Records provided
★ ★ ★

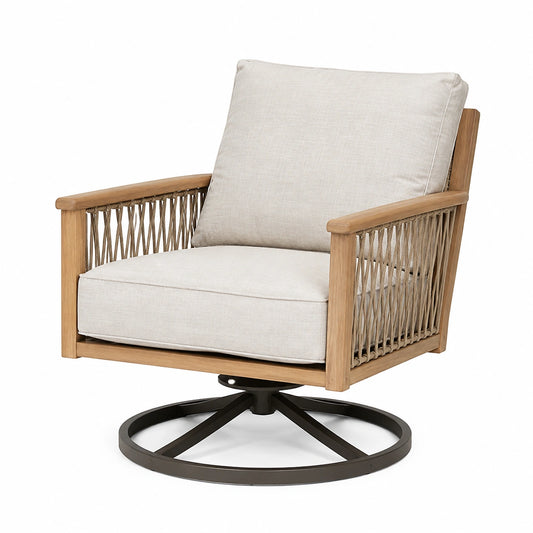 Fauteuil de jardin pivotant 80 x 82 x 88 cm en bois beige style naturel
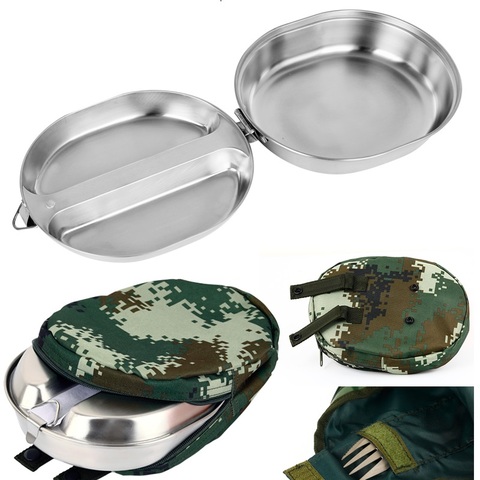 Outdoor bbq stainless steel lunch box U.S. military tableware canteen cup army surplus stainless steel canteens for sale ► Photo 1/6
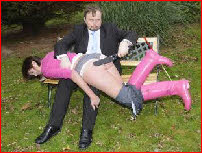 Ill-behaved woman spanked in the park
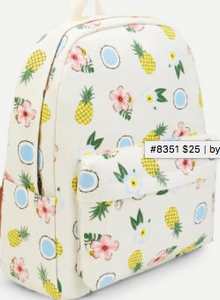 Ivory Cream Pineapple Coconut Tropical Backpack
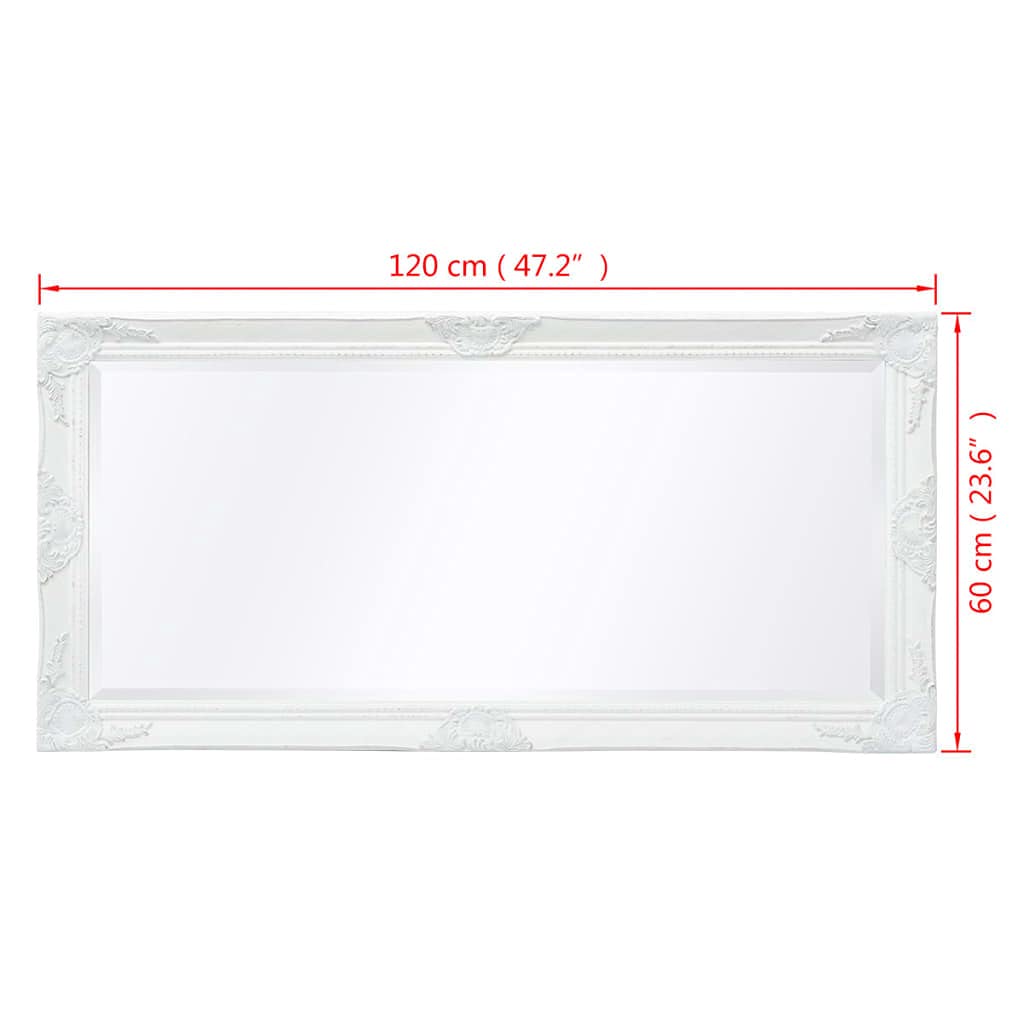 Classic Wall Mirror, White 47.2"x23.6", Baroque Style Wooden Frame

★ ★ ★

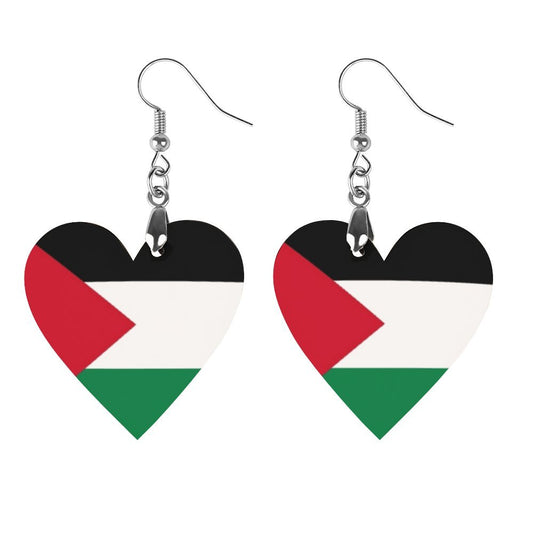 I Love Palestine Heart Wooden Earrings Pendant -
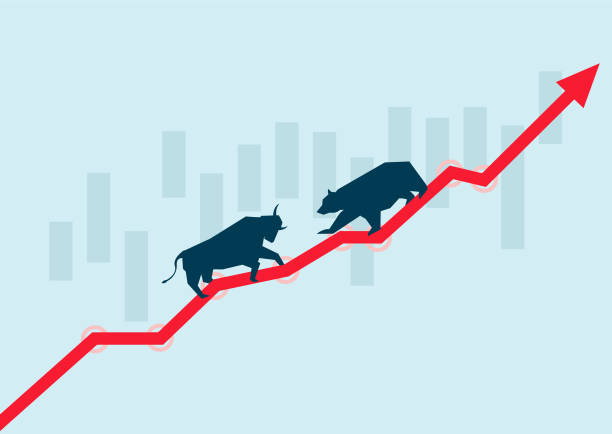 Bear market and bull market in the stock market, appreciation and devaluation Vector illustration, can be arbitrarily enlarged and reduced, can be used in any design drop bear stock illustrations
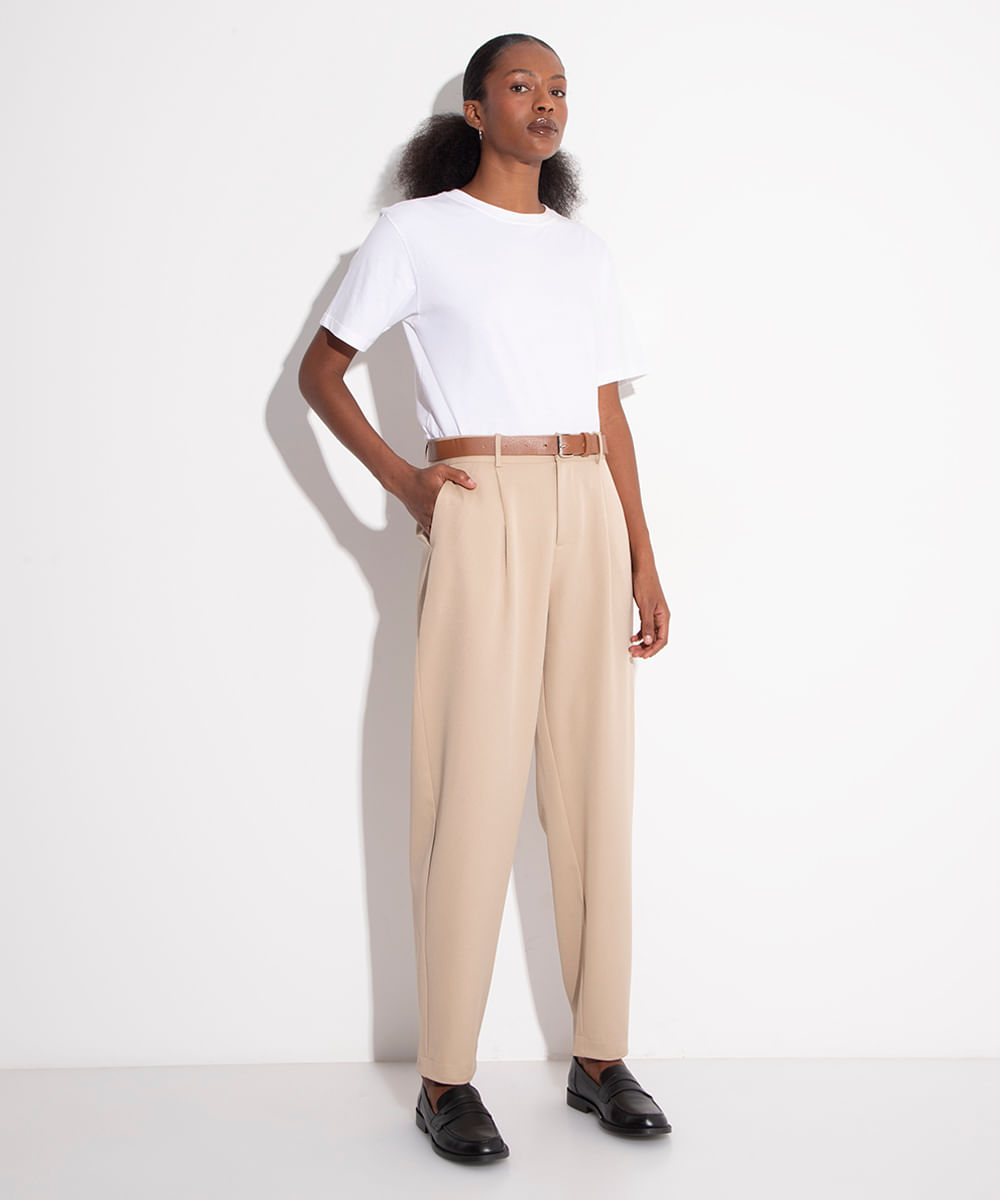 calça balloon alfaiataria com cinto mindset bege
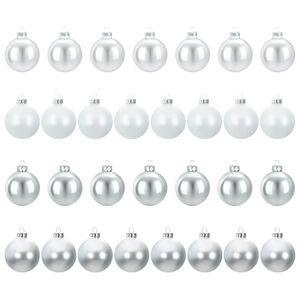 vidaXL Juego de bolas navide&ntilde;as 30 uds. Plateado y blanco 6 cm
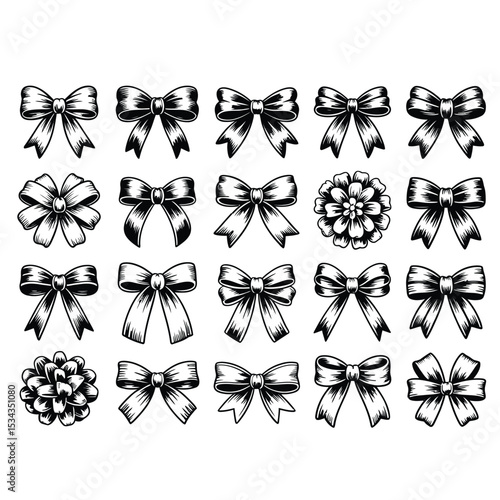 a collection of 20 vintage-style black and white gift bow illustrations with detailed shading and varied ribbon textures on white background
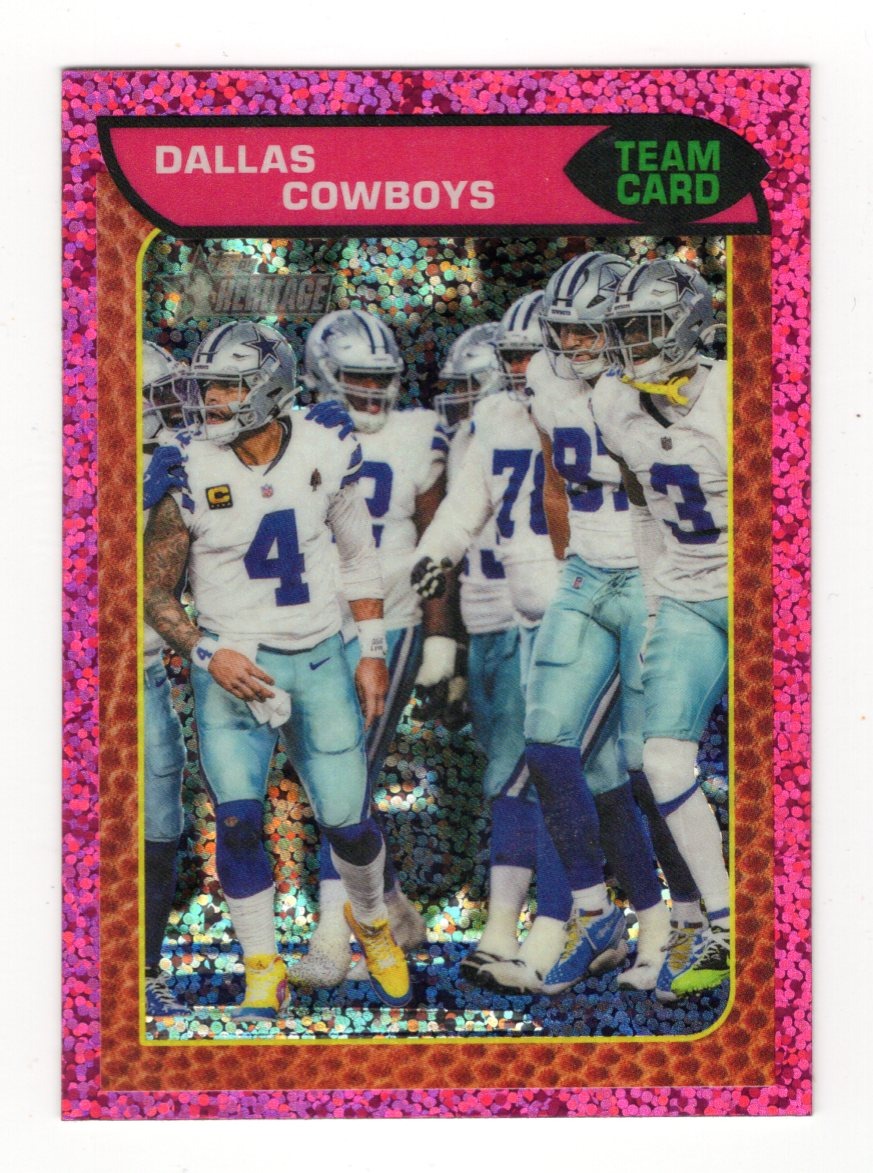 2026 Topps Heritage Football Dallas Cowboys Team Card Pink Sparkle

★ ★ ★

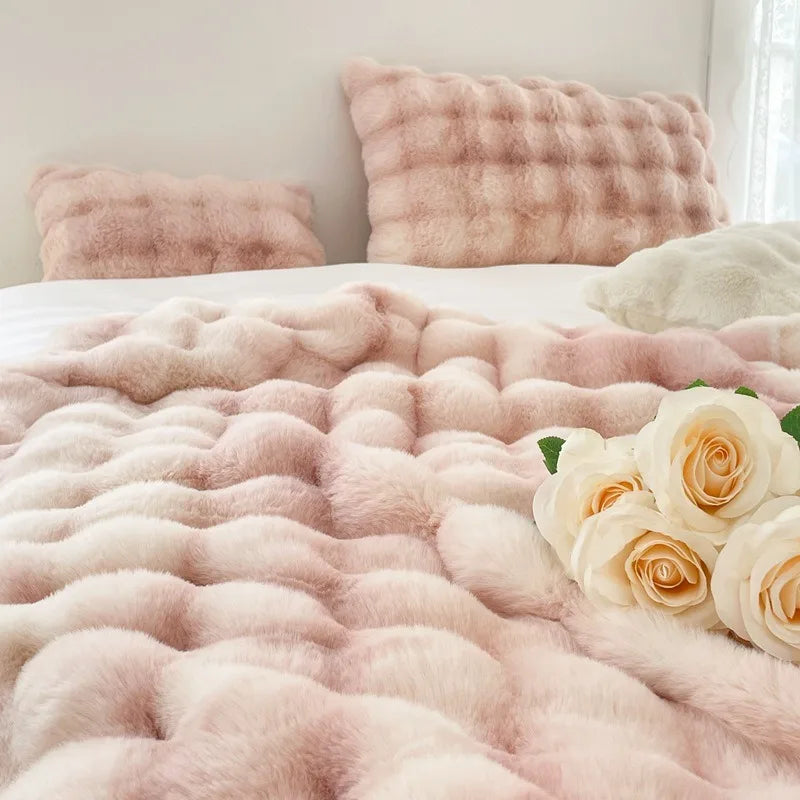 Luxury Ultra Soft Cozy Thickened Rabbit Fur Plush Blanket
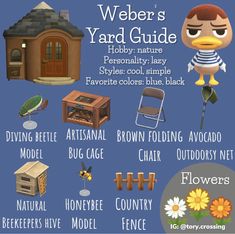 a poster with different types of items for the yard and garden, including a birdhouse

★ ★ ★

What to produce
For this exercise, reproduce exactly the lines of the records above from the one with "Fauteuil de jardin" up to and including the one with "Classic Wall Mirror, White", without pictures.

Reply to the task
 Fauteuil de jardin pivotant 80 x 82 x 88 cm en bois beige style naturel
 Outdoor bbq stainless steel lunch box U.S. military tableware canteen cup army surplus stainless steel canteens for sale ► Photo 1/6
 Ill-behaved woman spanked in the park
 Ivory Cream Pineapple Coconut Tropical Backpack
 Classic Wall Mirror, White 47.2"x23.6", Baroque Style Wooden Frame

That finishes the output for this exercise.